编辑#2:我接受的答案直接适用于我所针对的编译器(这就是为什么我select它)。 但是,这里还有其他非常好的,更便携的答案。
如果您使用的是Visual C ++,请执行以下操作:包含intrin.h并调用以下函数:
对于16位数字:
unsigned short _byteswap_ushort(unsigned short value);
对于32位数字:
unsigned long _byteswap_ulong(unsigned long value);
对于64位数字:
unsigned __int64 _byteswap_uint64(unsigned __int64 value);
8位数字(字符)不需要转换。
而且这些只是为无符号值定义,它们也适用于有符号整数。
对于浮点数和双精度来说,与普通整数相比,它更加困难,因为它们可能不是主机中的字节顺序。 你可以在big-endian机器上获得小尾数的浮点数,反之亦然。
其他编译器也有类似的内在因素。
以GCC为例,你可以直接调用:
int32_t __builtin_bswap32 (int32_t x) int64_t __builtin_bswap64 (int64_t x)

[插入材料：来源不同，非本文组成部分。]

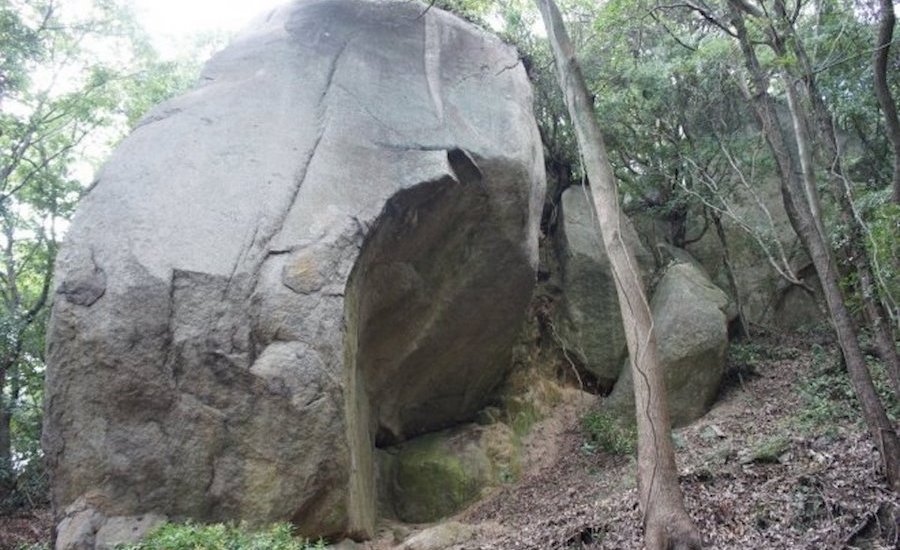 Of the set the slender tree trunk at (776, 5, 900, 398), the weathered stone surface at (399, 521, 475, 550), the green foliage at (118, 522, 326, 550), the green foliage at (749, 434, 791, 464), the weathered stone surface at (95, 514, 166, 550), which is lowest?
the weathered stone surface at (399, 521, 475, 550)

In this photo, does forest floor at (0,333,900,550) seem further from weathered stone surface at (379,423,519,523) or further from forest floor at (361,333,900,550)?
weathered stone surface at (379,423,519,523)

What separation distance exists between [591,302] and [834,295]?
6289 mm

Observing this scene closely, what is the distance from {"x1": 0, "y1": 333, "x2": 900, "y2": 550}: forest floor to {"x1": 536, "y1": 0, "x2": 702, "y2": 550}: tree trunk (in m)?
0.53

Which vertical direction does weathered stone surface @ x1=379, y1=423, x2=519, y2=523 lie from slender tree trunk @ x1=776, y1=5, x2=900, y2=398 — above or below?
below

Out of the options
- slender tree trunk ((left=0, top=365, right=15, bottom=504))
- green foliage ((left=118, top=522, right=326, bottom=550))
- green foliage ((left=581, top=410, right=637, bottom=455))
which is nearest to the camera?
green foliage ((left=118, top=522, right=326, bottom=550))

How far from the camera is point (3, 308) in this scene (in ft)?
48.2

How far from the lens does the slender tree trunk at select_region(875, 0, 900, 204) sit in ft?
23.6

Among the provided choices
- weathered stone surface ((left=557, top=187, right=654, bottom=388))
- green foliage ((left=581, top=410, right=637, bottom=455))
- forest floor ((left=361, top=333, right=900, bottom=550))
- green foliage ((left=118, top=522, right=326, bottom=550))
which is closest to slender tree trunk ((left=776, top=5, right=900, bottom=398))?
forest floor ((left=361, top=333, right=900, bottom=550))

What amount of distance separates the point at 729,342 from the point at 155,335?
10816 millimetres

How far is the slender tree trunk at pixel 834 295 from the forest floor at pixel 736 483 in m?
0.27

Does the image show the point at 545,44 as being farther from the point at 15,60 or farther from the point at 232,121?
the point at 15,60

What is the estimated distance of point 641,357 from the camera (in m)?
7.13

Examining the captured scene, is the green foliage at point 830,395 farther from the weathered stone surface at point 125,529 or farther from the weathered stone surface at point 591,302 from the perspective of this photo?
the weathered stone surface at point 125,529

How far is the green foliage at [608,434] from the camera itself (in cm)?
1152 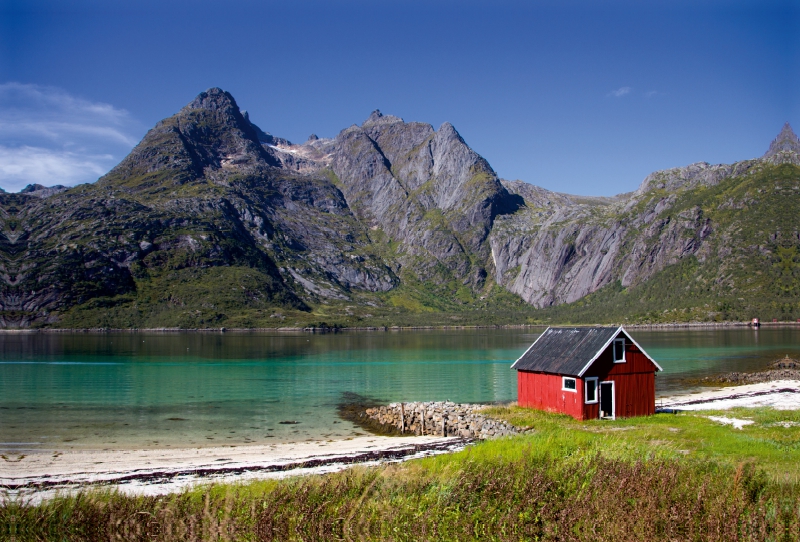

(不需要包含任何东西)。 Afaik bits.h也以非gcc为中心的方式声明了相同的函数。
16位交换它只是一个位旋转。
调用内部函数而不是滚动你自己给你最好的性能和代码密度btw ..
简单的说:
#include <climits> template <typename T> T swap_endian(T u) { static_assert (CHAR_BIT == 8, "CHAR_BIT != 8"); union { T u; unsigned char u8[sizeof(T)]; } source, dest; source.u = u; for (size_t k = 0; k < sizeof(T); k++) dest.u8[k] = source.u8[sizeof(T) - k - 1]; return dest.u; }
用法: swap_endian<uint32_t>(42)
。
从罗伯·派克的字节顺序谬误 :
假设您的数据stream有一个小端编码的32位整数。 这是如何提取它(假设无符号字节):
i = (data[0]<<0) | (data[1]<<8) | (data[2]<<16) | (data[3]<<24);
如果是大端的话,下面是如何提取它:
i = (data[3]<<0) | (data[2]<<8) | (data[1]<<16) | (data[0]<<24);
TL; DR:不要担心你的平台本地顺序,重要的是你正在读取的stream的字节顺序,你最好希望它的定义。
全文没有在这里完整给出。